- Listed records:
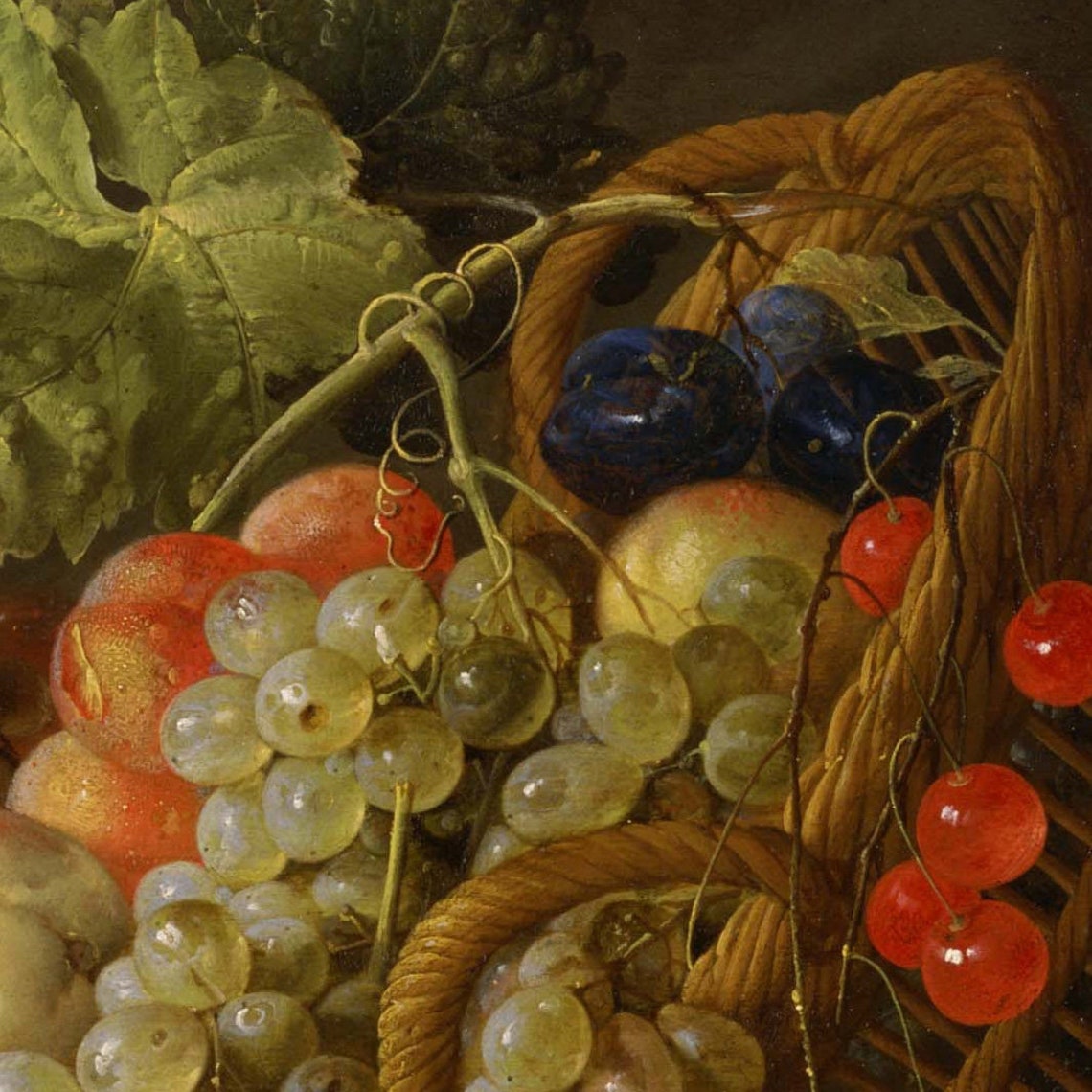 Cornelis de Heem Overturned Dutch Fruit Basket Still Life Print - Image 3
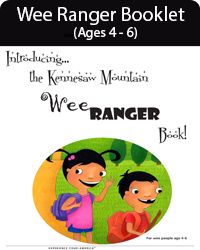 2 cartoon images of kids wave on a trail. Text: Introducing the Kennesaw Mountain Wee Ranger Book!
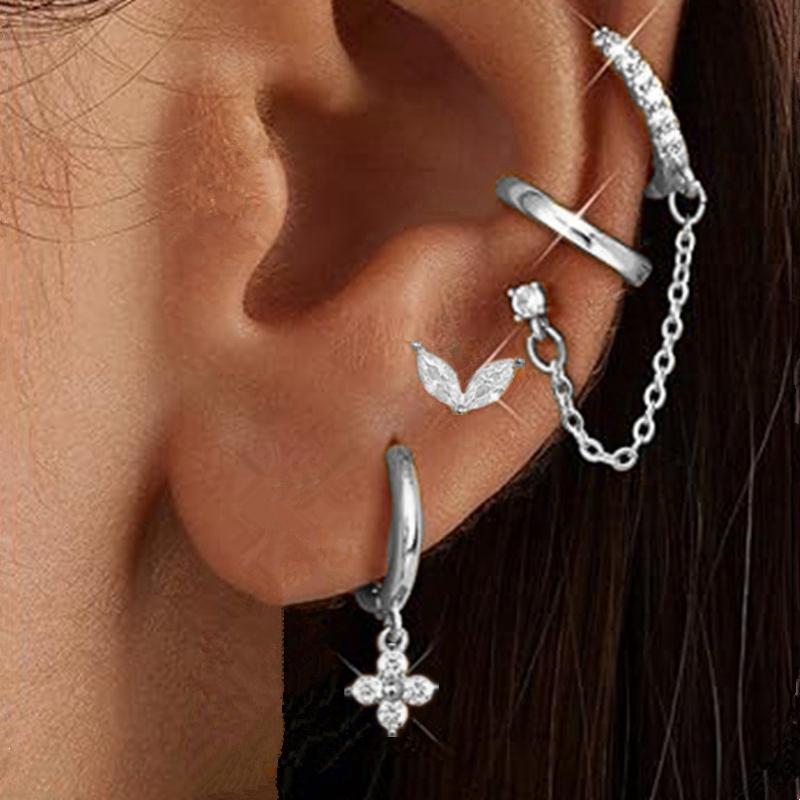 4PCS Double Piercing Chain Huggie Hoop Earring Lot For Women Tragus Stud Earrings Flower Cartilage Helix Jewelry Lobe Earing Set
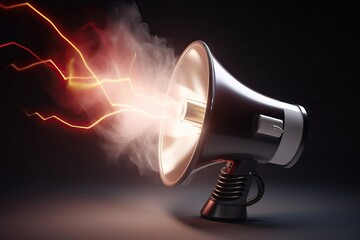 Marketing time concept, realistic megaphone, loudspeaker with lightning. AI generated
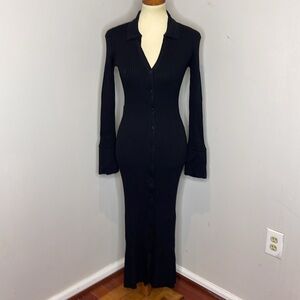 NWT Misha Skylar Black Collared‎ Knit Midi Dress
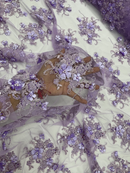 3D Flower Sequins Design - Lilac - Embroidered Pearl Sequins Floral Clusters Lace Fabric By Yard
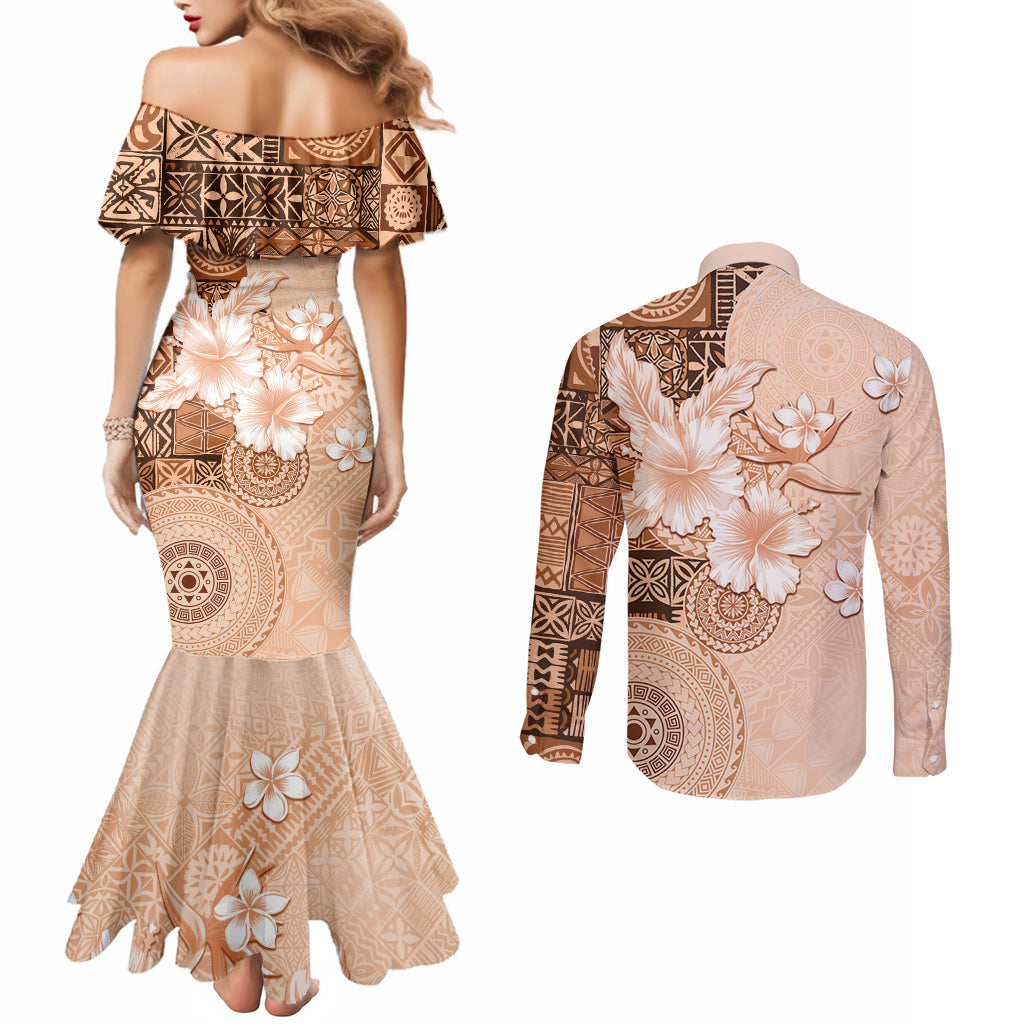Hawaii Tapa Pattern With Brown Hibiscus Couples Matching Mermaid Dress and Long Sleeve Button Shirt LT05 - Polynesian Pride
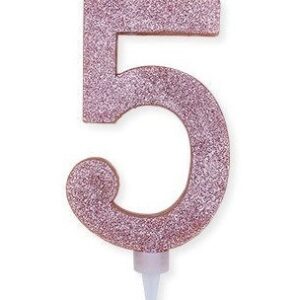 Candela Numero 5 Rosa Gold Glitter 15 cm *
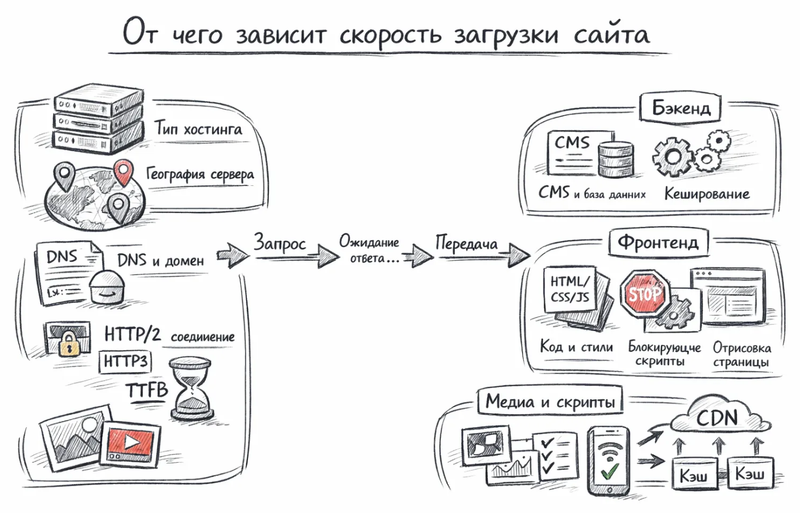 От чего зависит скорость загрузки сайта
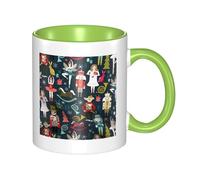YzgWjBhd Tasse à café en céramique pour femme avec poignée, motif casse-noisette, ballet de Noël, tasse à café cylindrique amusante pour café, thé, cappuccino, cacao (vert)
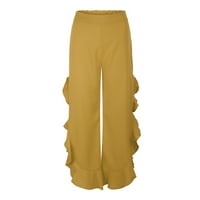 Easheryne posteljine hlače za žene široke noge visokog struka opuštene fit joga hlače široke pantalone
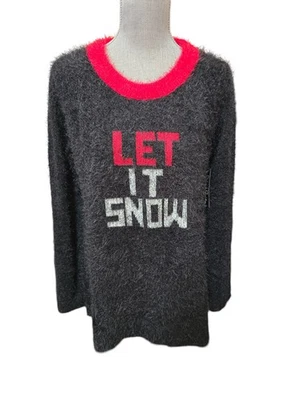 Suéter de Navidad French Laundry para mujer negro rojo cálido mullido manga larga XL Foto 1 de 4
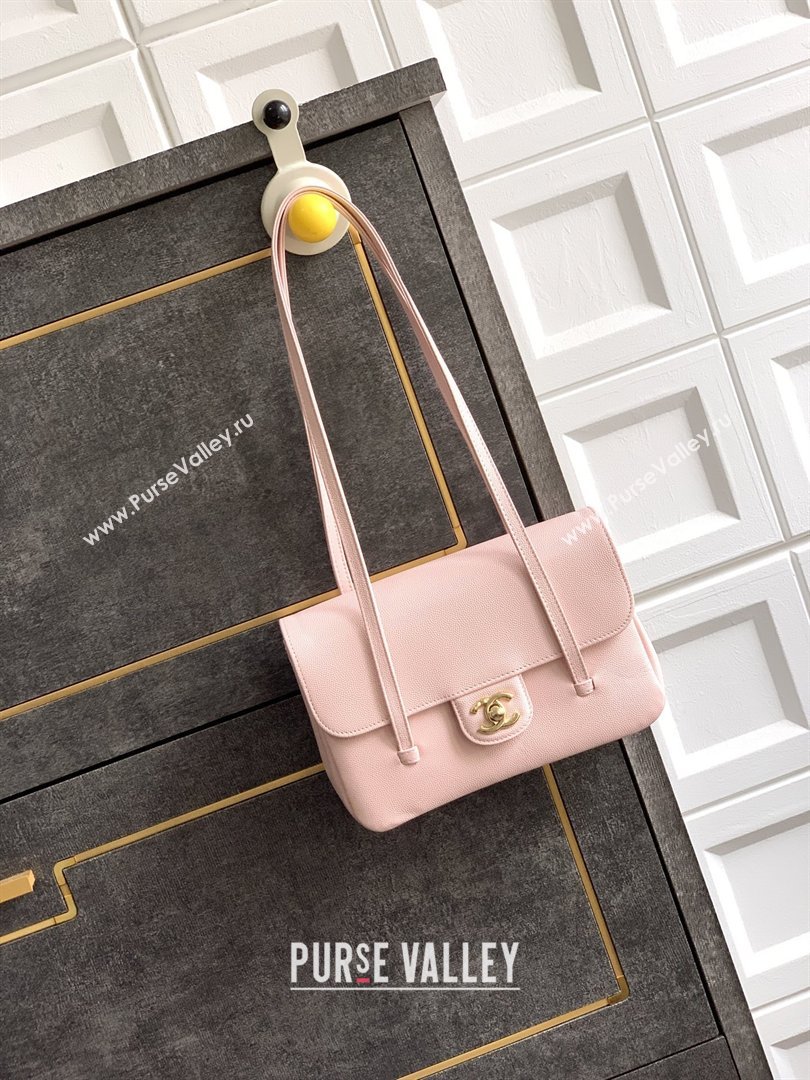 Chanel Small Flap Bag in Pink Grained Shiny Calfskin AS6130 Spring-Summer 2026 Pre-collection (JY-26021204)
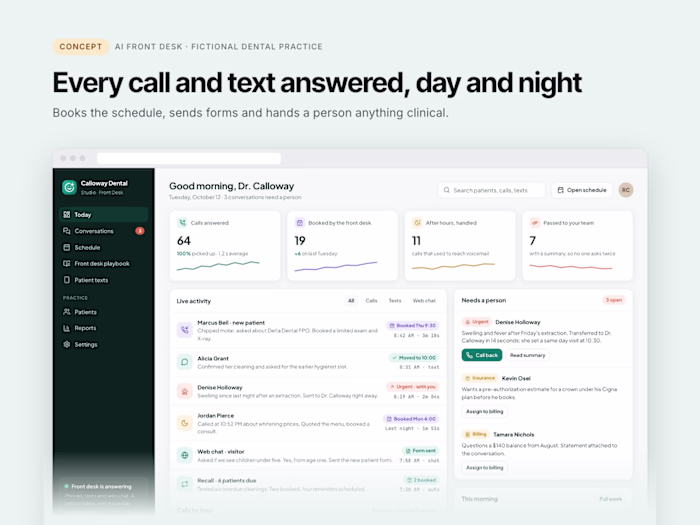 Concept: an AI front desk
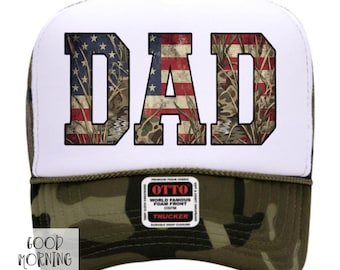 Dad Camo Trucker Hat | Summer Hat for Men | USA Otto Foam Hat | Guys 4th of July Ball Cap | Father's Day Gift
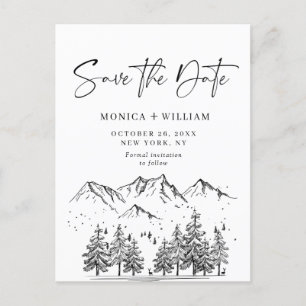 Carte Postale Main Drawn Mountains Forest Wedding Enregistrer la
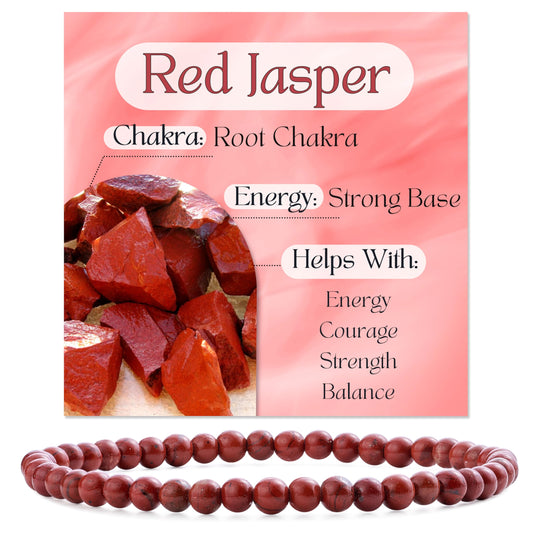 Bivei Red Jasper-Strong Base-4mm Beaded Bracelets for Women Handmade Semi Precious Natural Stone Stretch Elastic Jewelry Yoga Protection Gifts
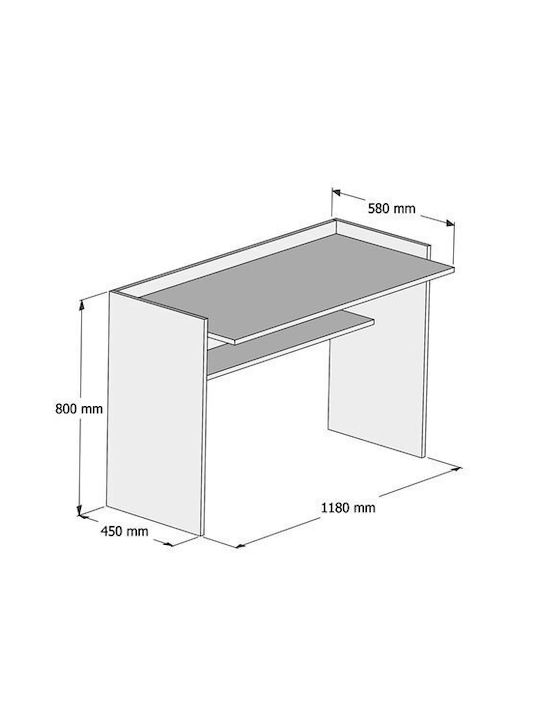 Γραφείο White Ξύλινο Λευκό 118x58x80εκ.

- Your assignment:
Your task is to restate every record word for word. Omit all pictures.

- Solution below:
 Cornelis de Heem Overturned Dutch Fruit Basket Still Life Print - Image 3
 2 cartoon images of kids wave on a trail. Text: Introducing the Kennesaw Mountain Wee Ranger Book!
 4PCS Double Piercing Chain Huggie Hoop Earring Lot For Women Tragus Stud Earrings Flower Cartilage Helix Jewelry Lobe Earing Set
 Marketing time concept, realistic megaphone, loudspeaker with lightning. AI generated
 NWT Misha Skylar Black Collared‎ Knit Midi Dress
 3D Flower Sequins Design - Lilac - Embroidered Pearl Sequins Floral Clusters Lace Fabric By Yard
Hawaii Tapa Pattern With Brown Hibiscus Couples Matching Mermaid Dress and Long Sleeve Button Shirt LT05 - Polynesian Pride
 Candela Numero 5 Rosa Gold Glitter 15 cm *
 От чего зависит скорость загрузки сайта
YzgWjBhd Tasse à café en céramique pour femme avec poignée, motif casse-noisette, ballet de Noël, tasse à café cylindrique amusante pour café, thé, cappuccino, cacao (vert)
 Easheryne posteljine hlače za žene široke noge visokog struka opuštene fit joga hlače široke pantalone
 Suéter de Navidad French Laundry para mujer negro rojo cálido mullido manga larga XL Foto 1 de 4
 Chanel Small Flap Bag in Pink Grained Shiny Calfskin AS6130 Spring-Summer 2026 Pre-collection (JY-26021204)
 Concept: an AI front desk
 Dad Camo Trucker Hat | Summer Hat for Men | USA Otto Foam Hat | Guys 4th of July Ball Cap | Father's Day Gift
 Carte Postale Main Drawn Mountains Forest Wedding Enregistrer la
 Bivei Red Jasper-Strong Base-4mm Beaded Bracelets for Women Handmade Semi Precious Natural Stone Stretch Elastic Jewelry Yoga Protection Gifts
 Γραφείο White Ξύλινο Λευκό 118x58x80εκ.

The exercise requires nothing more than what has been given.